On a mesuré toute la fragilité de la filière quand, pour des raisons qui leur sont propres, Bercy a eu la peau du dispositif Pinel. Résultat sans surprise : les investisseurs privés ont déserté les bulles de vente. Une chute de 85 % des investisseurs locatifs et un trou de 50 000 logements locatifs par an. À l’inverse, dès que le gouvernement a réanimé le prêt à taux zéro, les primo-accédants sont revenus et constituent aujourd’hui le socle de la clientèle des particuliers.
Le secteur de la promotion immobilière reste en attente des premiers signes de rétablissement. La FPI mise tout sur le dispositif Jeanbrun. La fédération attend 50 000 ventes de logements neufs supplémentaires dès cette année. « Si on ne fait que 5 000 ventes supplémentaires, cela restera un vrai loupé », a rappelé son président Pascal Boulanger. C’est quand même un bond de plus de 50 % des réservations, lesquelles ont touché un nouveau point bas en 2025.
Côté opérateur, on se veut plus prudent. Ce qui ressort de la présentation des résultats des grands acteurs de la place, c’est que la maladie est circonscrite. Mais on comprend que si la convalescence est entamée chez certains, la guérison prendra du temps. Et pas sûr que le patient, quand il sortira de la chambre, sera aussi fringant qu’auparavant.

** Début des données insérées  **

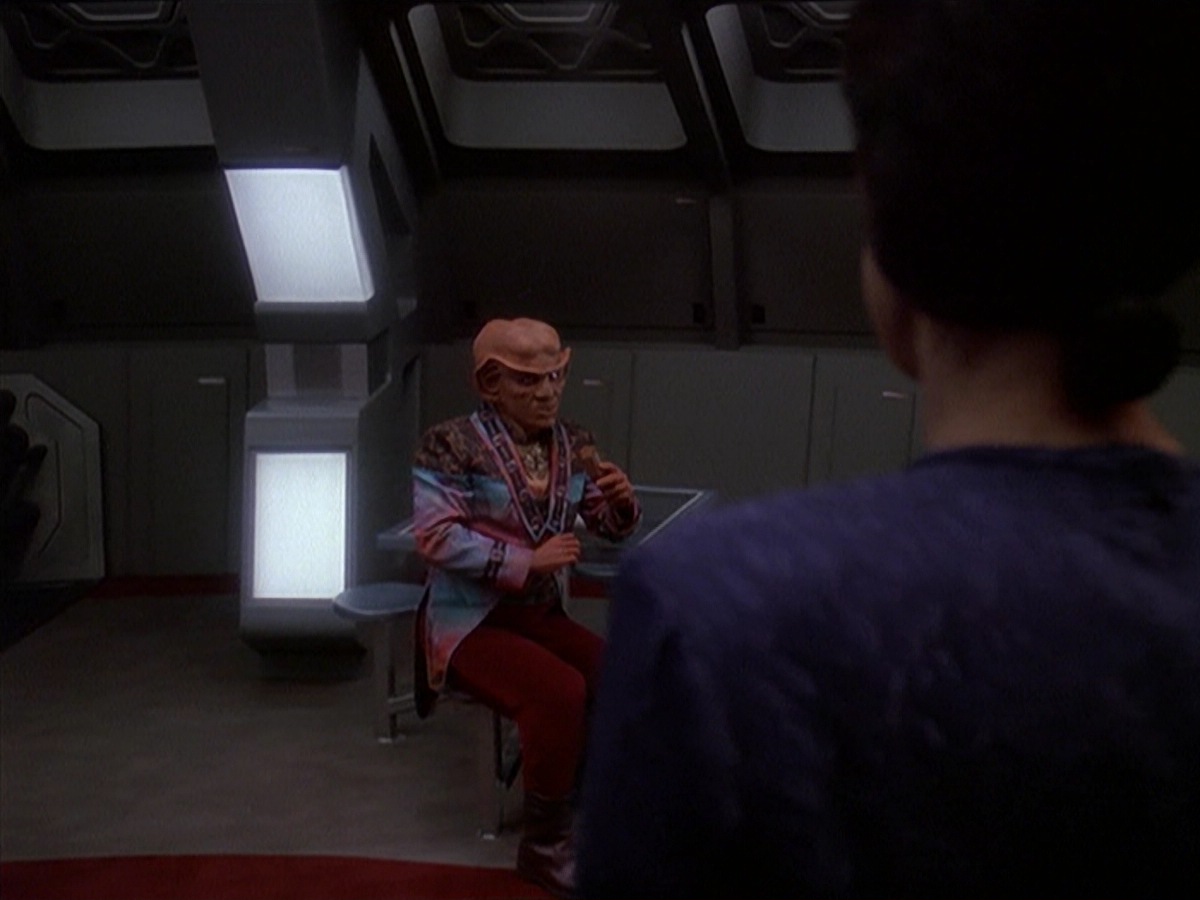 extant_StarTrek_DS9_4x07-StarshipDown_0778.jpg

C’est un nouveau cycle qui s’ouvre, où les volumes ne seront peut-être pas aussi conséquents qu’espérés. Même si un Premier ministre a promis la production de 2 millions de logements d’ici 2030.
C’est un nouveau cycle où les promoteurs doivent produire un logement abordable en dépit de la sédimentation de normes réglementaires, d’un coût du foncier qui ne baissera pas et d’un coût du crédit qui restera durablement plus élevé que celui de la dernière décennie.

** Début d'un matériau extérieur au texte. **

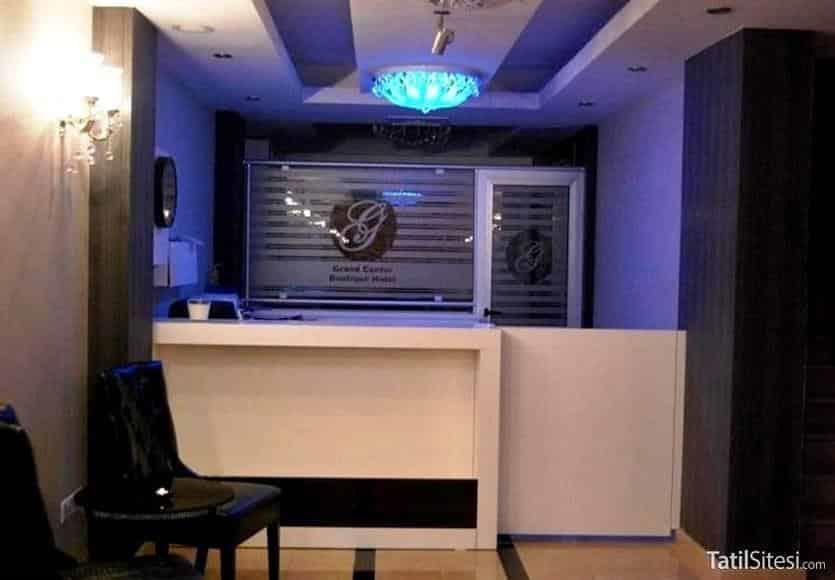 Grand Center Boutique Hotel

C’est un nouveau cycle où les opérateurs devront restaurer leurs marges. Et l’on a vu qu’elles n’étaient pas aussi épaisses que certains le péroraient ou le fantasmaient.
C’est un nouveau cycle où il faudra redonner de la rentabilité à l’investisseur, qu’il soit particulier ou institutionnel.
C’est un nouveau cycle qu’il faut aborder tous ensemble. Le logement neuf ne pourra régler à lui seul tous les maux du logement. Il faudra, d’une manière ou d’une autre, s’attaquer à la reprogrammation – parfois à la restructuration – de l’existant. Aux promoteurs de montrer leur valeur ajoutée dans cet immense défi.
C’est un nouveau cycle qu’il faut enclencher dès à présent si l’on veut inverser la courbe de la démographie.
Build, baby, build ! Cela ferait un bon slogan politique.